The first is the connection between climate change and the underlying supply-demand problem. The authors, Frank Ackerman and Elizabeth Stanton, first calculate the supply and demand imbalance without climate change, assuming only baseline population and income growth and existing available resources. Given those assumptions, we would use 1.8 billion acre feet of water over the next century in excess of that supplied by nature, a number so staggeringly large, even for people used to thinking about big water numbers, as to be almost meaninglessly beyond comprehension.
Add in climate change (they run a couple of different emissions scenarios), and we need another 300 million to 450 million-plus acre feet. But three quarters of the problem is independent of climate change.
This is a critical point in terms of the political dynamic surrounding climate change and water in the southwest. The west’s water problems are frequently framed as a climate change problem – because of climate change, we have a water problem. Which is true. But the political dynamic surrounding climate change creates huge problems here because of the widespread climate change skepticism afoot in the land. As long as the water problem is framed as a climate change problem, then skepticism of climate change can translate into skepticism of a water problem. (Doug Kenney’s new report on Colorado River governance (pdf) has some great data from a survey of Colorado River Water Users Association that lends support to my intuition on this point.)
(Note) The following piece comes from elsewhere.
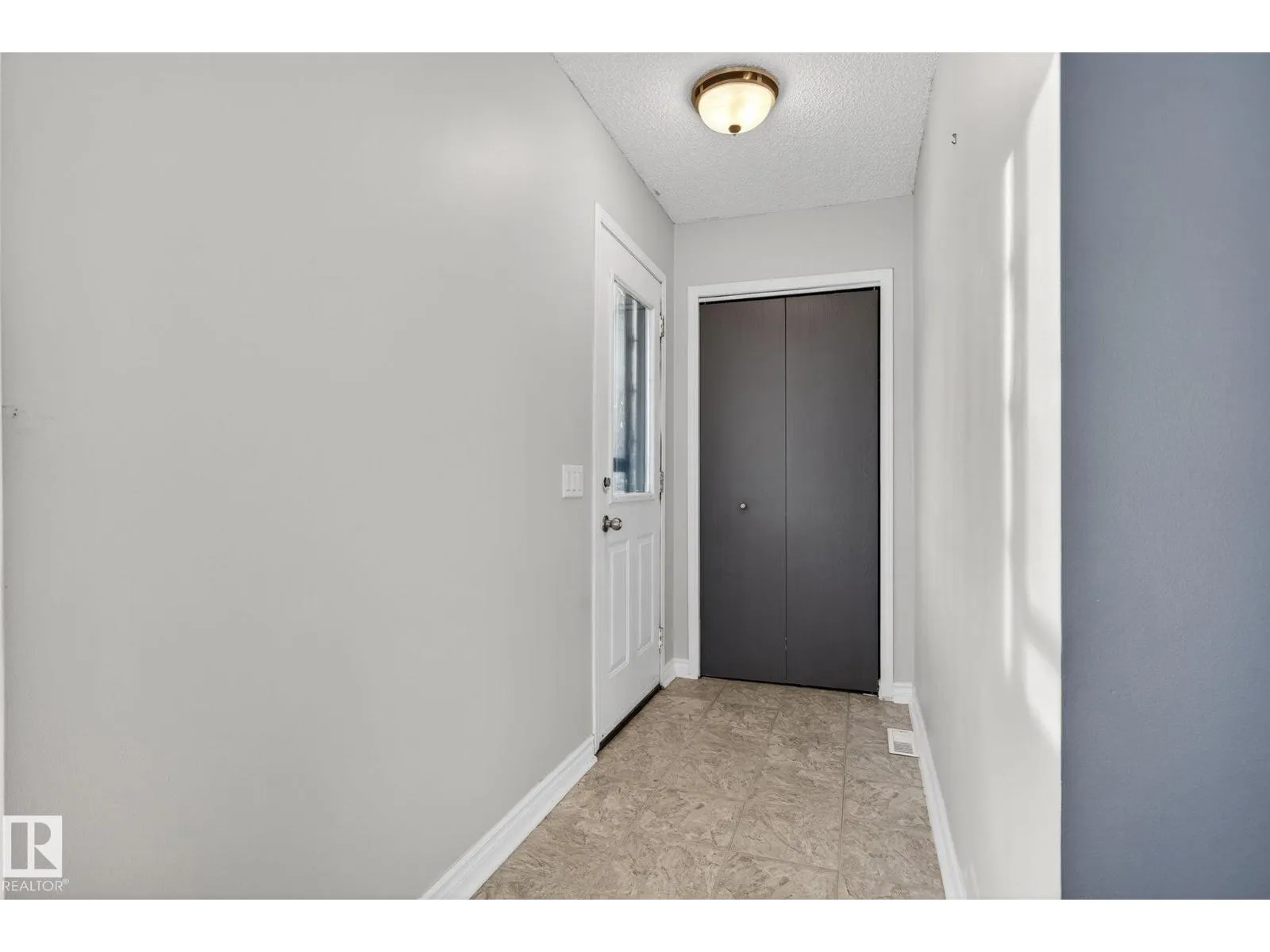 House for rent: 17204 96 St Nw, Edmonton, Alberta T5Z 1Z6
I would argue that Ackerman and Stanton have shown that the scale of the problem is, to first order, the same with or without climate change. 1.8 billion or 2.25 billion acre feet shortfall? Whatever, let’s get cracking!
Which is the second useful part of the analysis. OK, we’ve got a huge problem, what can be done about it?
They suggest four potential paths forward:
- increase supply (not likely, they argue, on anything approaching the scale needed)
- more groundwater pumping (what we’ve done to date, but it can’t go on forever, as the resource is finite)
- planned reductions in use
- unplanned reductions in use (eek! the pain!)
Not surprisingly, Ackerman and Stanton suggest “3” as the preferable option. Agriculture currently uses 78 percent of the Southwest’s water, while making up less than 2 percent of the region’s economy. So they argue for an orderly, planned shift from ag to municipal and industrial use:
Farming supports just 1 percent of the Southwest?s economy, and food production manufactures add another 0.8 percent of GDP. Even in California, farming plus food manufactures accounts for only 1.9 percent of state GDP. But agriculture uses 78 percent of all Southwest water, and more water will be required as temperatures grow with climate change. Extensive agricultural adaptation cannot remove all need for conservation and efficiency measures in and around Southwest homes, but it can greatly reduce the need for urban adaptation while providing an important safety net against water shortages and restrictions in dry years.
Which is both important (given the contribution offered by the rigor of their analysis and modeling) and unsurprising. A struggle over the inevitability of ag-urban transfers has long been at the heart of the western dialogue. But this begs the question of how we might accomplish this in a planned vs. unplanned way.